[[ Given records open ]]
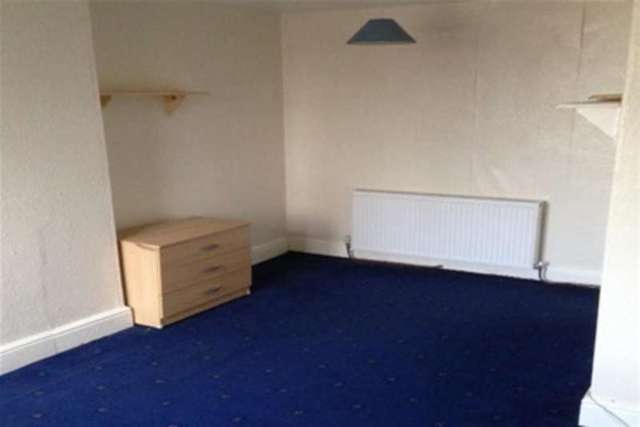  Image of 3 Bedroom Flat to rent at Nottingham, NG2 5FF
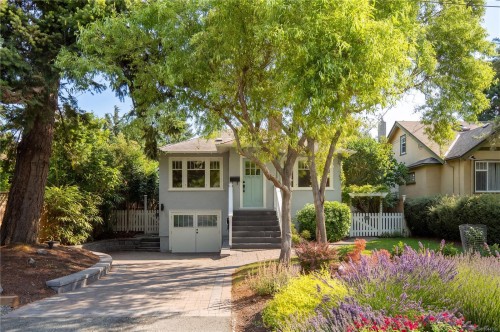 2168 Bartlett Ave, Oak Bay, BC 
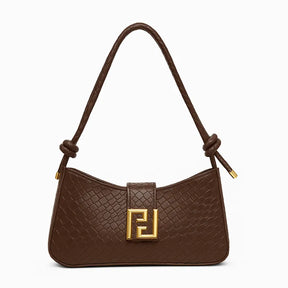 Bolsa baguete feminina marrom, vista frontal. A foto em estúdio destaca a textura tressê (trançada) e o fecho dourado geométrico.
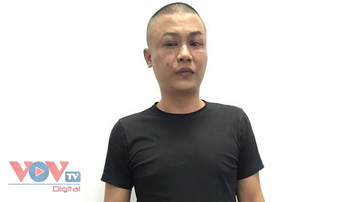 Đà Nẵng: Tạm giữ 2 thanh niên không đội mũ bảo hiểm chống người thi hành công vụ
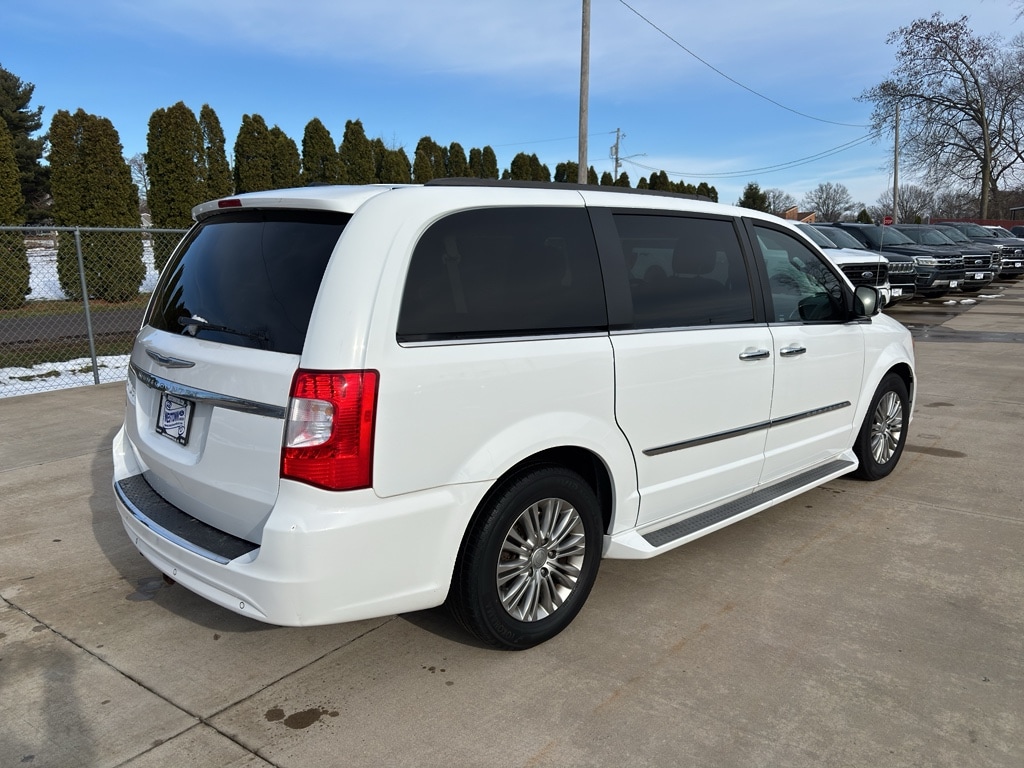 Used 2016 Chrysler Town & Country Touring-L Anniversary Edition Van LWB Passenger Van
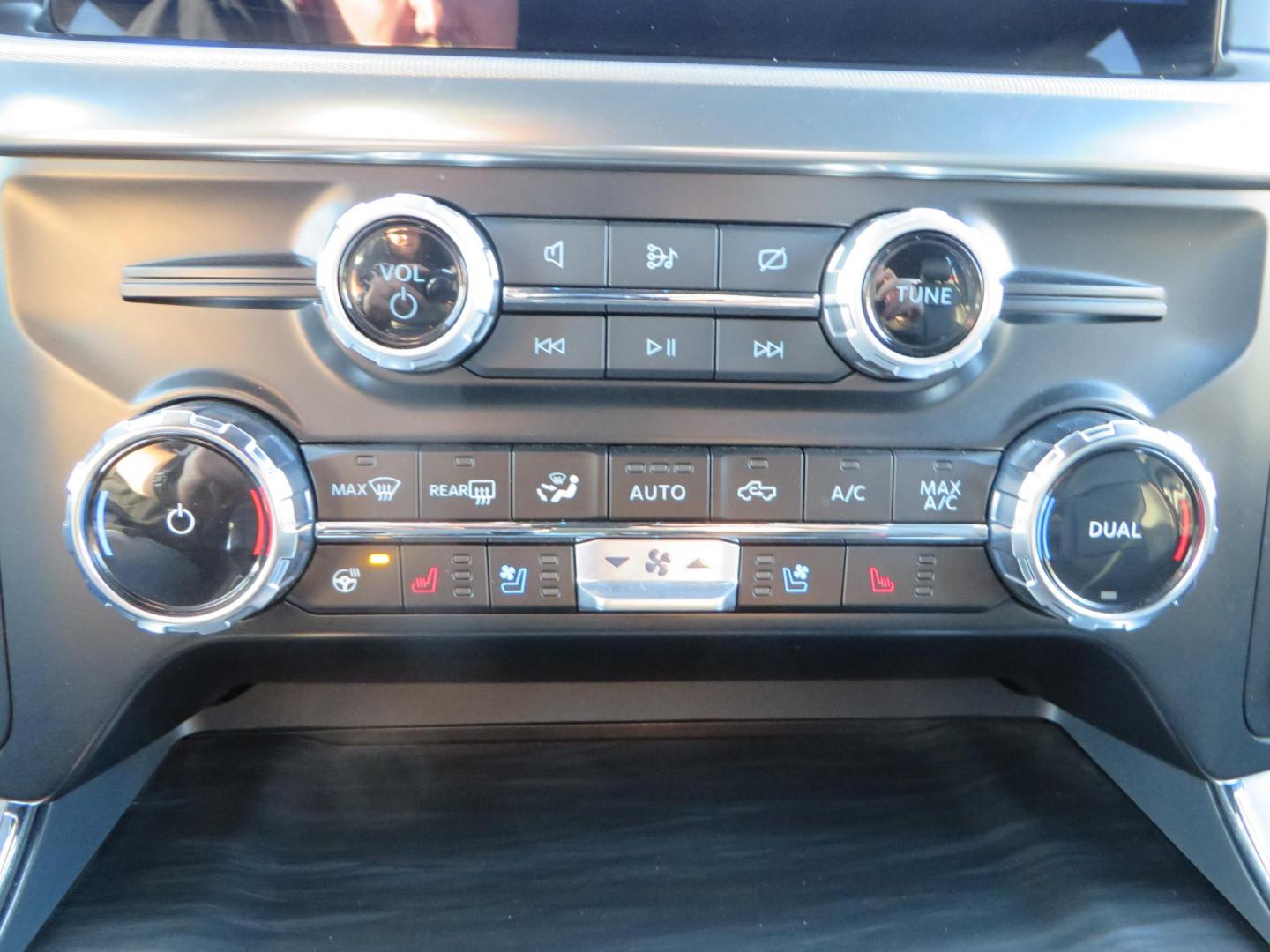 2024 White Ford F-150 Lariat SuperCrew 4WD (1FTFW5L56RF) with an 5.0L V8 OHV 16V engine, 6A transmission, located at 2630 Grass Valley Highway, Auburn, CA, 95603, (530) 508-5100, 38.937893, -121.095482 - New Level kit, 20'' Gear Alloy 764BM wheels, and Toyo Open Country AT3 tires. - Photo#31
[[ Given records closed ]]
Exercise details: Quote only what lies between the first line of the records and the line containing "Used 2016 Chrysler", please, including both lines and excluding images.

Output below:
  Image of 3 Bedroom Flat to rent at Nottingham, NG2 5FF
 2168 Bartlett Ave, Oak Bay, BC 
 Bolsa baguete feminina marrom, vista frontal. A foto em estúdio destaca a textura tressê (trançada) e o fecho dourado geométrico.
 Đà Nẵng: Tạm giữ 2 thanh niên không đội mũ bảo hiểm chống người thi hành công vụ
 Used 2016 Chrysler Town & Country Touring-L Anniversary Edition Van LWB Passenger Van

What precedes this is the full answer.